実在の人物を描いた伝記的な内容だが、劇中では登場人物たちが英語であるから、史実を元に描いた創作劇である。時代は20世紀初頭、1908年の西太后崩御が皇帝を指名する場面から描かれる。調べてみると1908年の日本は明治41年で、当時の年表を見ると慶應大学野球部がハワイに遠征したり、味の素が売り出されたり、すでに近代。120年も昔の時代、すでに野球が盛んだったことは驚きで今と同じように選手たちのプレイに一喜一憂していたと思うと感動する。
映画の舞台は中国の北京、紫禁城で壮大なロケ撮影が行われている。閉鎖的な中国で、ここまでOPENに歴史的建造物を開放したが、この映画のスケールを物語っている。
歴史的な背景は、中国がまだ清という国名だった頃の終末期に各地で革命が勃発。清王朝は滅んだ。しかし、そんな動乱が起きていることを主人公の溥儀は幼児だったこともあって知らされることなく、紫禁城のなかだけで暮らしていた。途中、イギリス人の家庭教師がやってきて英語やイギリスの文化を学んでいるうちに、自分が閉じ込められた狭い世界で生きていることにストレスと疑問を持っていく。
清国が滅んだのに紫禁城に住んでいられたのは特別な措置があったからだが、やがてそんな日々に終わりがくる。クーデターによって銃を持った兵士たちに囲まれ、1時間以内に荷物をまとめて城から出て行けと言われる。覚悟を決めた溥儀は家族や従者たちと共に疎開することになった。当初は、イギリス人家庭教師の計らいでイギリス公使館に助けを求めたが、国際的に問題があるとして断られたようだ。
そこで手を差し伸べたのが、当時満州に権益を持っていた日本で、溥儀たちは天津にあった租界に避難。そこで描かれた日々は、この溥儀の人生のなかで唯一とも言っていい平穏で自由な時間だった。おしゃれなスーツと髪型をしてジャズを歌ったり、パーティで踊ったり、紫禁城での生活と対比した形で西欧文化を優雅に楽しむ溥儀が描かれている。
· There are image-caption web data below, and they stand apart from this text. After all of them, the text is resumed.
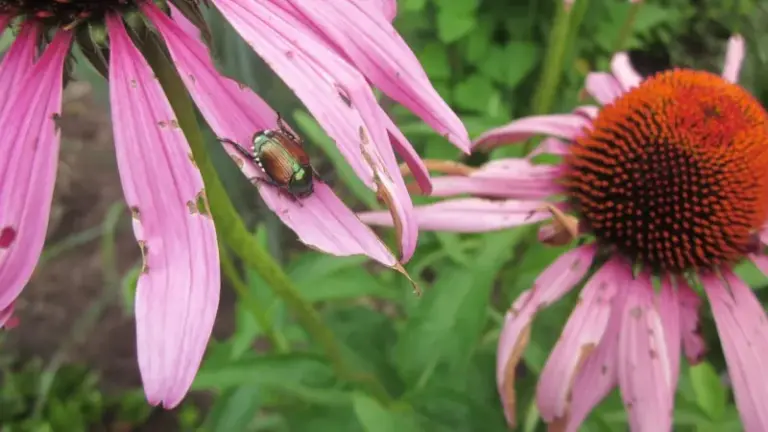 The One Thing North Carolina Gardeners Must Do When Japanese Beetles Start Skeletonizing Plants Or They Multiply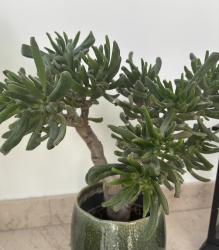 Andere Art von Geldbaum/ Fettblatt Andere Art von Geldbaum/ Fettblatt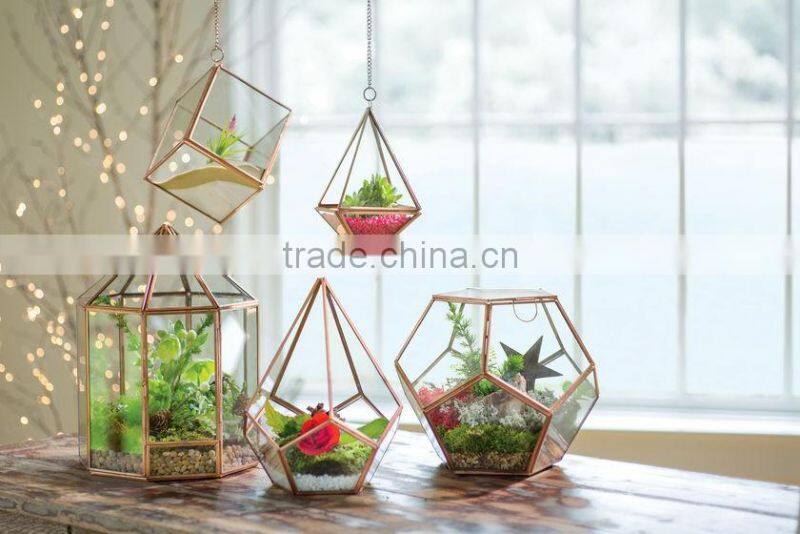 Succulent polygon Hanging Prism Terrarium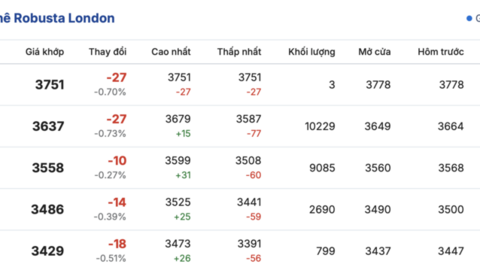 Giá cà phê hôm nay 24/3/2026: Giữ mốc 94.000 đồng/kg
しかし、ここから奥さんである婉容がアヘンに手を出し、徐々に壊れていく様子も描写されていく。
側室である二番目の奥さんは離婚を申し立てて出ていってしまったが、正妻の婉容も大きなストレスを抱え、徐々にその精神が病んでいってしまう。美しく聡明な人なのにその経緯は悲しみに満ちている。
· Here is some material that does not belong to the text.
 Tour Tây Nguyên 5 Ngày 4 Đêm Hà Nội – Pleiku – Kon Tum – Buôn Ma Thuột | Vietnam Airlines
そして、日本の関東軍は満州で謀略を実行し(満州事変)政府の意向に逆らい中国に戦争をしかける。短期間で満州を制圧した関東軍。その首謀者であった石原莞爾中佐は、資源が豊富なこの地を収めることで、日本のエネルギー問題を解決。さらにソ連と中国に対しての戦略的要素があったようだ。
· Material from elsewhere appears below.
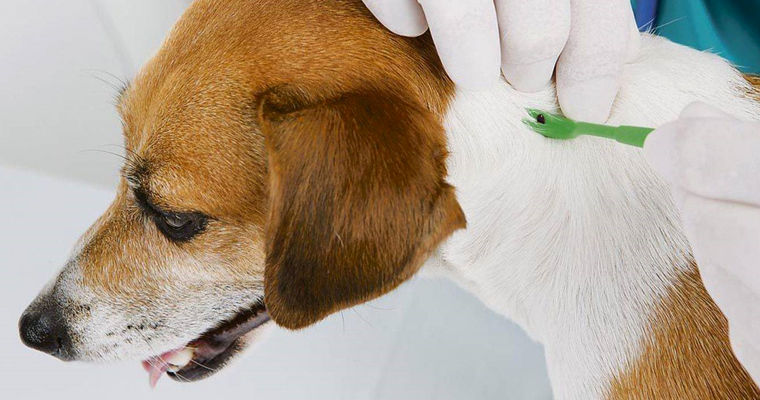 ANSA avertizează proprietarii de animale despre vârful de activitate al căpușelor.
満州を軍事制圧した結果、国際的な批判は避けられず、中国から独立した国家「満州帝国」を作り、形だけの皇帝に溥儀を祀りあげる。溥儀も、皇帝という地位への復権願望を持ち、日本の後ろ盾によってある程度の権限を有せると考えて傀儡国家であると分かりながら受け入れた。
だが、現実はそう甘くなかった。屈辱的な日々がずっとつづくことになる。
自由などまったくないに等しい立場で、ただ関東軍の操り人形としての生き方を強いられた。溥儀を監視していた特務機関の甘粕中佐を若き日の坂本龍一が演じている。僕が小学4年の頃だったと思う。先輩の家のステレオから大音響で流れたテクノポリスとライディーンの衝撃は今でも鮮明に覚えている。
ベルナルド・ベルトリッチ監督から撮影終了後に依頼があってたった二週間で作り上げたのが、あの壮大なメインテーマ。その年のアカデミー作曲賞を受賞した彼の才能を世界に認めさせた映画となった。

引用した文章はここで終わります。